Les chemins sont-ils balisés ?
Le Tro Breiz n’a pas, contrairement aux chemins de Saint-Jacques, d’itinéraire historique précis. Il y a, en revanche, des points de passage obligés : les sept cathédrales, bien sûr, et deux points de passage historiquement attestés : Saint-Avé, près de Vannes, et Locmaria-an-Hent (Notre-Dame-du-Chemin), à Saint-Yvy, près de Quimperlé. Le balisage est en cours de finalisation. Par ailleurs, un guide, publié par les éditions Lepère, décrit un itinéraire en 30 étapes (780 km).
Pourquoi le pèlerinage relie-t-il ces sept cathédrales ?
En reliant ces sanctuaires, le pèlerin du Tro Breiz va vénérer ceux qui furent nommés "les fondateurs de la Bretagne", les sept premiers évêques bretons : deux autochtones, Patern et Corentin, et cinq moines originaires de la Bretagne insulaire, Paul Aurélien, Tugdual, Brieuc, Malo et Samson. La légende raconte qu’une voix leur aurait intimé de traverser la mer pour venir christianiser la Bretagne, qui s’appelait alors Armorique. Arrivés sur cette terre, ils ont bâti des ermitages et accompli de nombreux miracles : le peuple a donc voulu les proclamer évêques.

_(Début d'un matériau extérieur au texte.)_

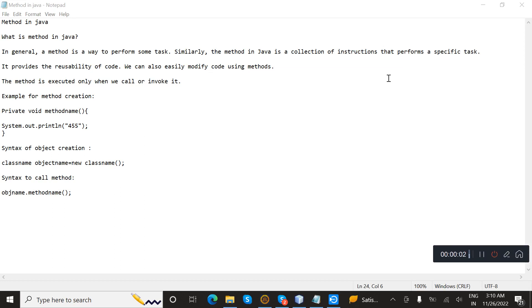Hi, in this session we will learn about methods in Java. So what is a method in Java?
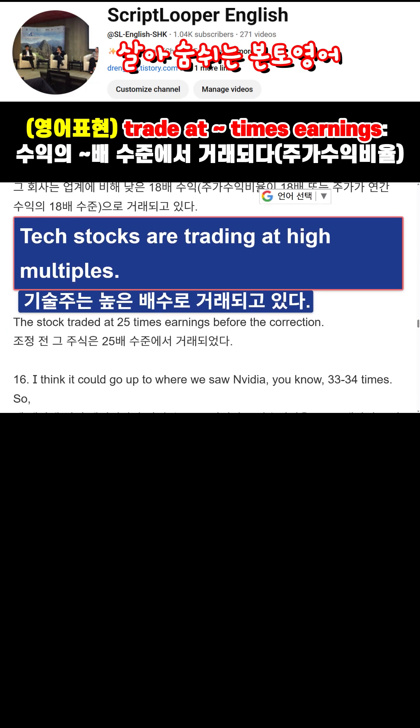Tech stocks are trading at high multiples.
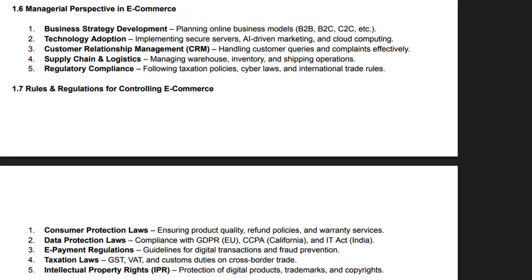Automation in e-commerce reduces operational costs, speeds up order processing and enhances efficiency. Managers must also focus on brand reputation, handling customer complaints and maintaining positive online reviews. Scalability and adaptation to emerging trends like social commerce and AI-powered recommendations are crucial. Integrating e-commerce with ERP systems enhances workflow automation and business intelligence. A well-structured managerial approach leads to higher profitability, customer satisfaction and long-term growth.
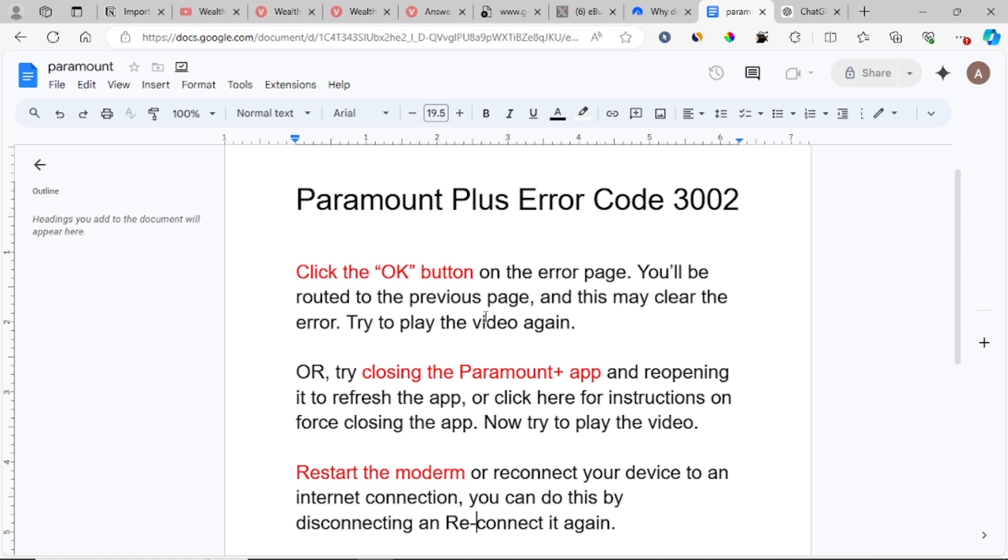After clicking the OK button, you'll be directed to the previous page where you can play the video again. Now try to reopen the video to see if you are still facing the same issue.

Ce qu’ils ont accepté, sans doute un peu malgré eux ! En effet, formés à l’école du christianisme celtique, ils étaient davantage adeptes de ce que l’on appelle aujourd’hui la sobriété. C’est d’ailleurs à cette valeur que je rattacherais le Tro Breiz. Les chemins de Saint-Jacques mettent en avant l’hospitalité, ceux d’Assise le respect de la nature, ceux de saint Martin le partage… Le Tro Breiz, en puisant sa source dans la spiritualité du christianisme celtique, appelle, quant à lui, au dépouillement. C’est cette invitation que j’ai ressentie en faisant le Tro Breiz.
Avez-vous ressenti autre chose de différent, sur le Tro Breiz, par rapport aux autres chemins de pèlerinage que vous avez parcourus ?
Le Tro Breiz se singularise par son tracé circulaire. Or, dans de nombreuses civilisations, notamment chez les Celtes, le cercle est un symbole de perfection, de purification et de protection. Ayant effectué auparavant de nombreux pèlerinages linéaires, j’ai expérimenté la spécificité de ce parcours circulaire : on n’a pas un lieu à gagner mais une boucle à boucler en reliant sept évêchés. A l’arrivée, on a un sentiment d’accomplissement, et on ne ressent donc pas la nécessité de le refaire. En effectuant le tour de la Bretagne, on a fait un grand pas dans notre pèlerinage de la vie. Pour ma part, bien que je sois Bretonne, j’ai découvert une Bretagne intérieure que je ne connaissais pas, qui ne passe ni par les circuits touristiques, ni par le sentier du littoral. J’ai particulièrement apprécié la traversée des monts du Mené et des monts d'Arrée, régions assez désertiques qui portent à la méditation. Ce Tro Breiz est donc bien plus qu’une randonnée : c’est une magnifique invitation au voyage intérieur.